Problem to solve => Everything from the line with "Ramo de globos de" to the line with "Rust Map: Procedural" in the listing below, both lines included, needs to be copied exactly, apart from the pictures.

Exercise data =>
"""
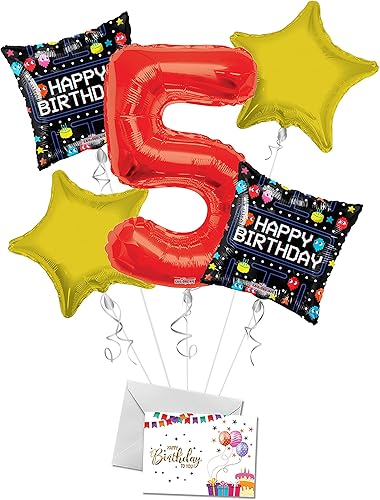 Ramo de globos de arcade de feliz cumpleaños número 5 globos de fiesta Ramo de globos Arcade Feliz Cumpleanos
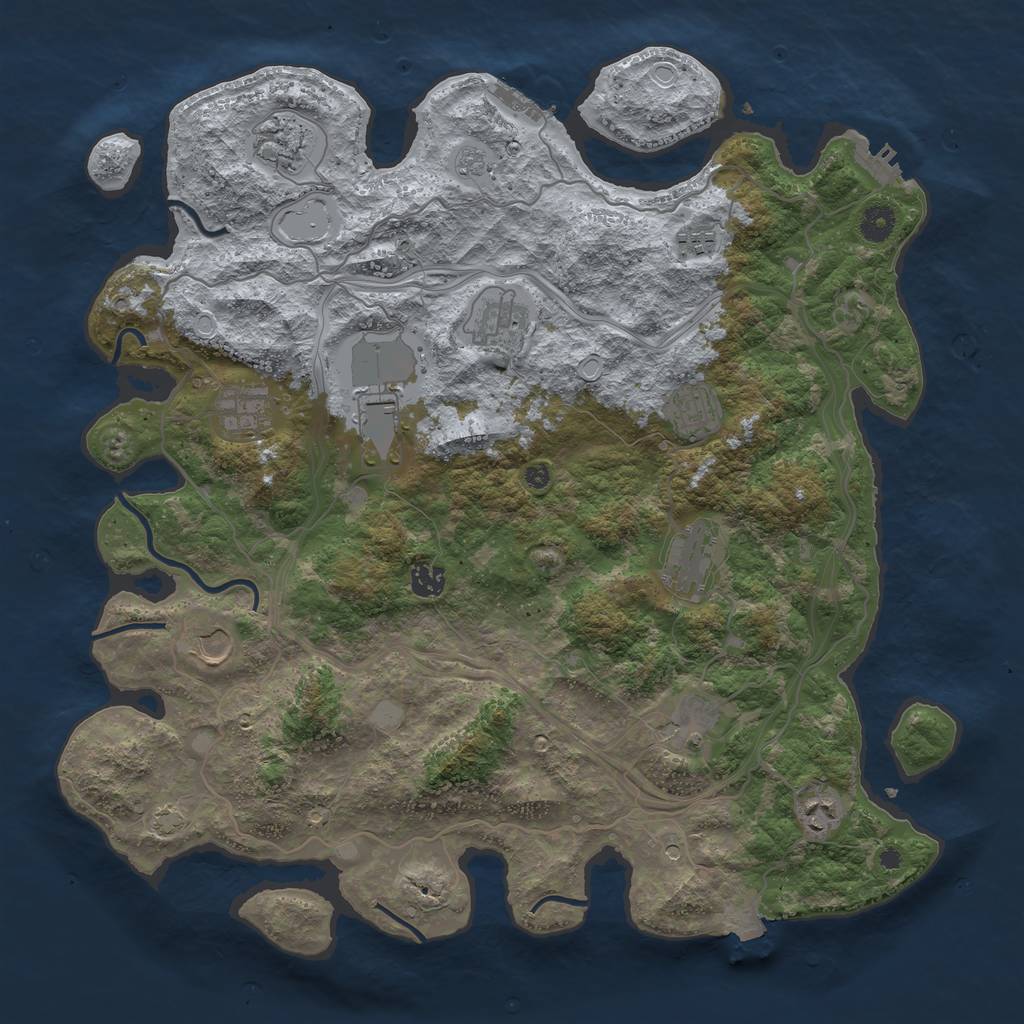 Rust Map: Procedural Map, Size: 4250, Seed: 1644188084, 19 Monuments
"""
"""
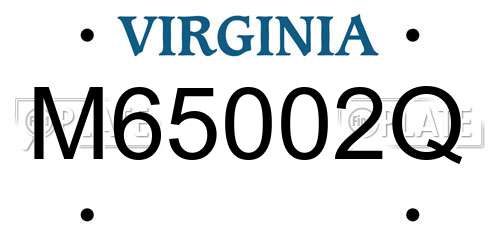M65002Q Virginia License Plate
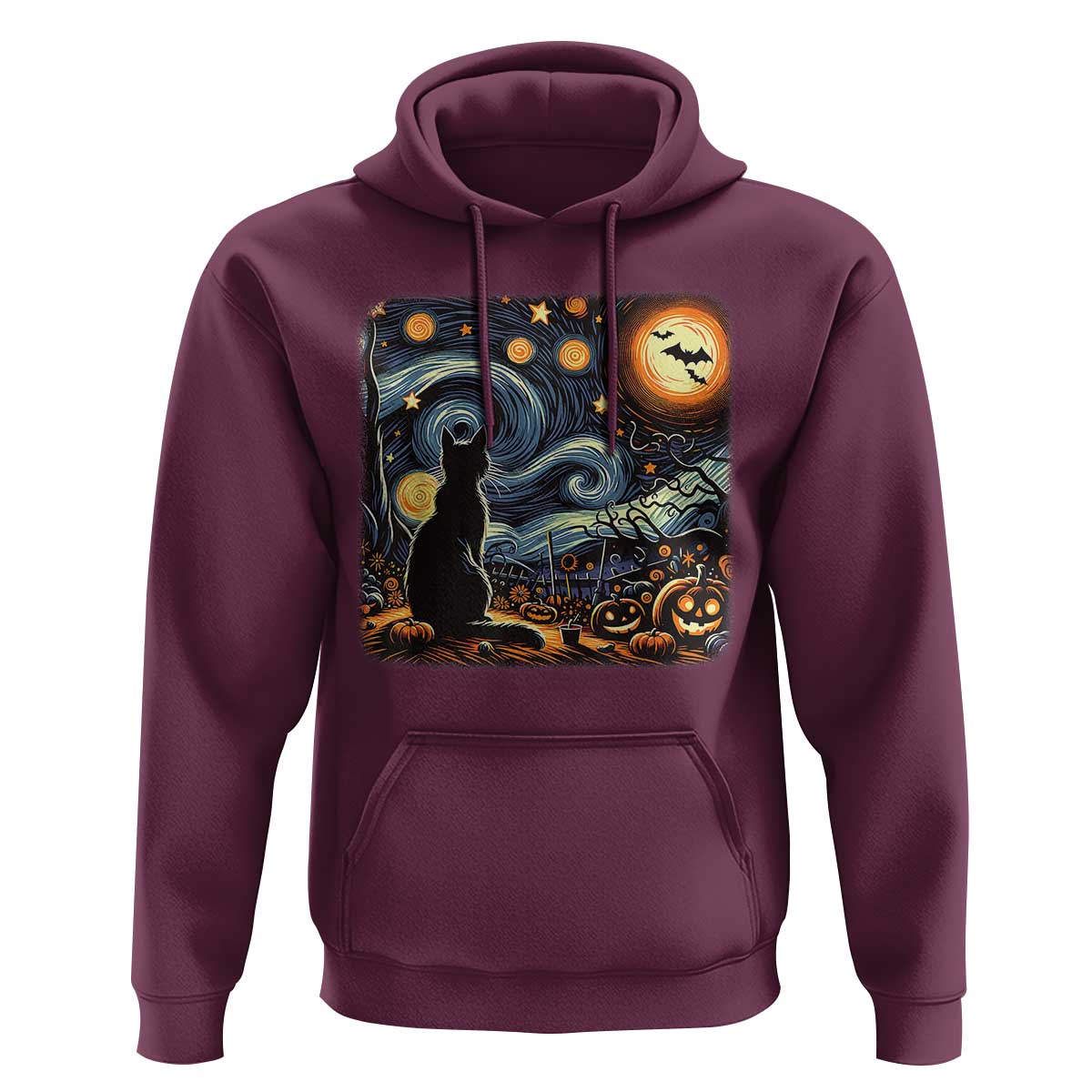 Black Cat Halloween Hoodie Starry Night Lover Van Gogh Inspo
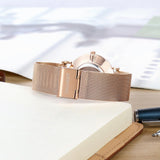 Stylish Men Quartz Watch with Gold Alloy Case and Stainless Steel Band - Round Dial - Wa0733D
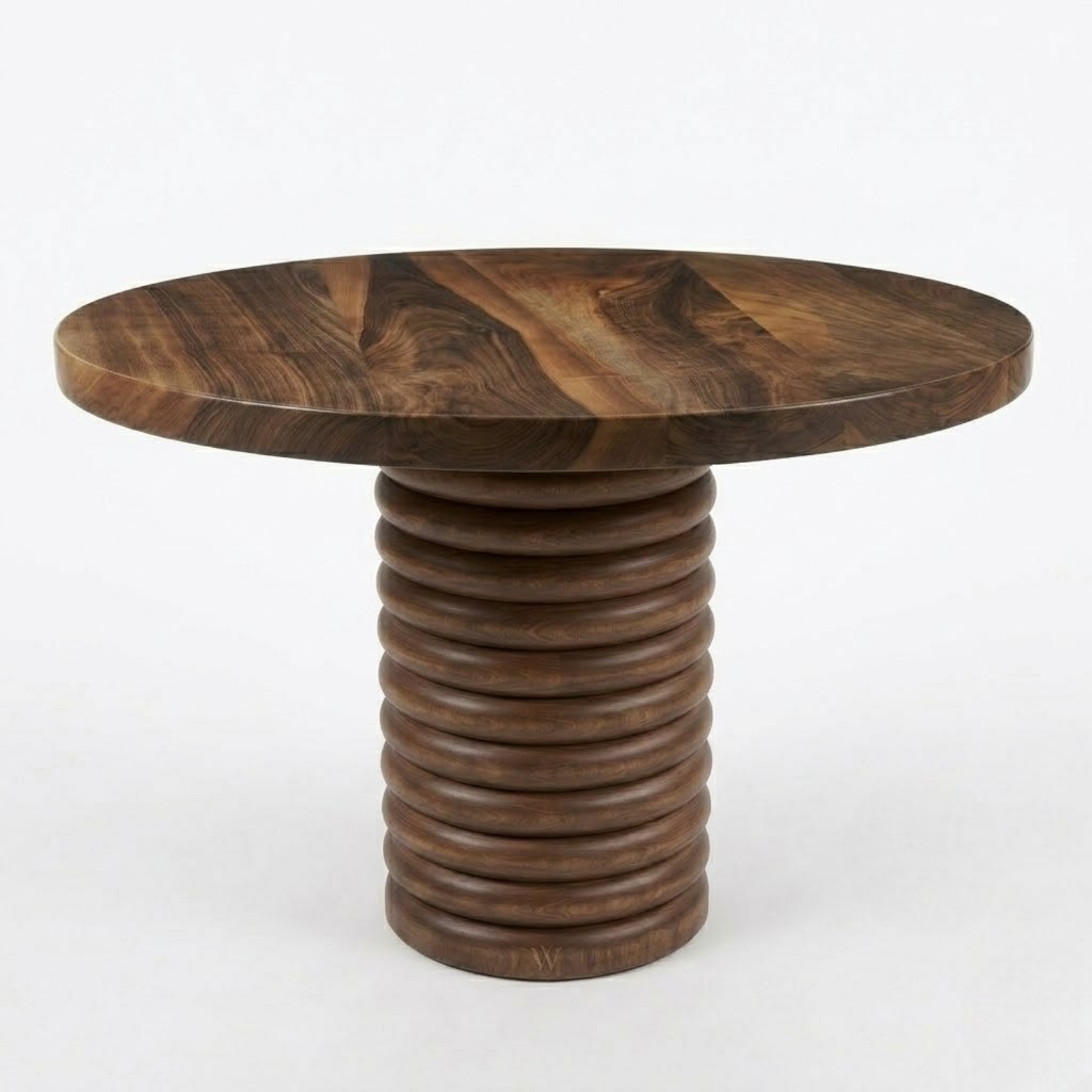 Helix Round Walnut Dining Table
"""
Answer to the problem =>
 Ramo de globos de arcade de feliz cumpleaños número 5 globos de fiesta Ramo de globos Arcade Feliz Cumpleanos
 Rust Map: Procedural Map, Size: 4250, Seed: 1644188084, 19 Monuments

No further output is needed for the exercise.